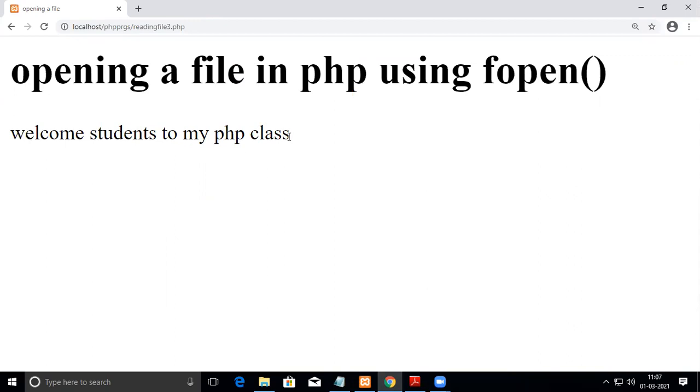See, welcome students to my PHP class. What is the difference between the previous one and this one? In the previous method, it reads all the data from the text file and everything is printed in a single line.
* * *
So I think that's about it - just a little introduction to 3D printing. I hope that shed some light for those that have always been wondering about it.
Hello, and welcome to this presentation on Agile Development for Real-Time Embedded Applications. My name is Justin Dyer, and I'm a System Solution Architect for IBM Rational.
---
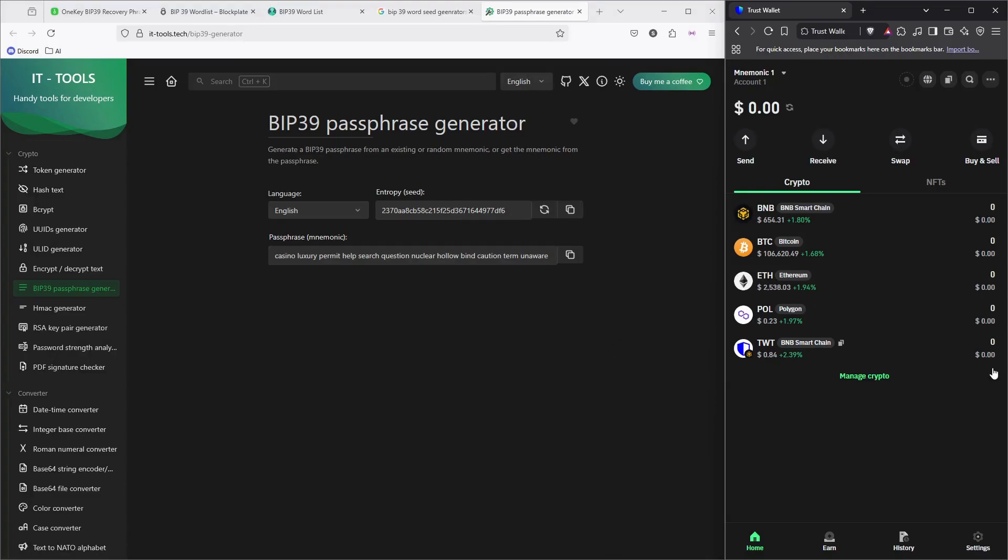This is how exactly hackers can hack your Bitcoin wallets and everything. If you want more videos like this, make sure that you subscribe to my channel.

**WHAT NEEDS TO BE DONE**. From the records above, print exactly the lines that run from the line with "So I think that's" to the line with "Hello, and welcome", inclusive.

**RESPONSE FOR THIS EXERCISE**.
So I think that's about it - just a little introduction to 3D printing. I hope that shed some light for those that have always been wondering about it.
Hello, and welcome to this presentation on Agile Development for Real-Time Embedded Applications. My name is Justin Dyer, and I'm a System Solution Architect for IBM Rational.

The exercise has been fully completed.